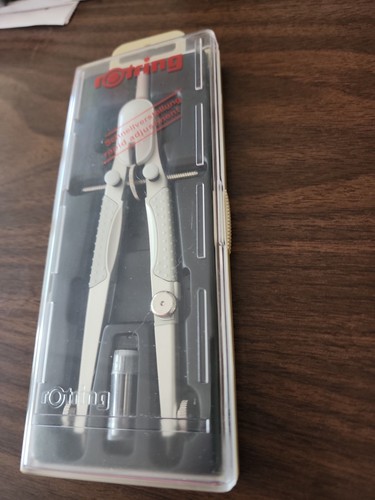 Vintage rotring - vintage,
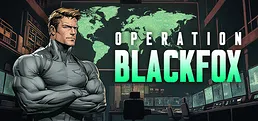 Operation Blackfox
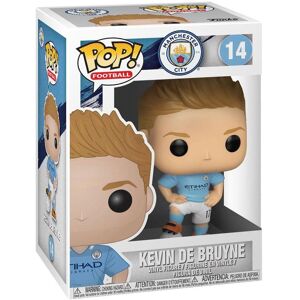 Funko POP! Football – Manchester City Kevin De Bruyne Funko POP! Football – Manchester City Kevin De Bruyne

- - -

[The problem]: Working from the listing above, retype it exactly but include no images.

[Task output]:
 Vintage rotring - vintage,
 Operation Blackfox
 Funko POP! Football – Manchester City Kevin De Bruyne Funko POP! Football – Manchester City Kevin De Bruyne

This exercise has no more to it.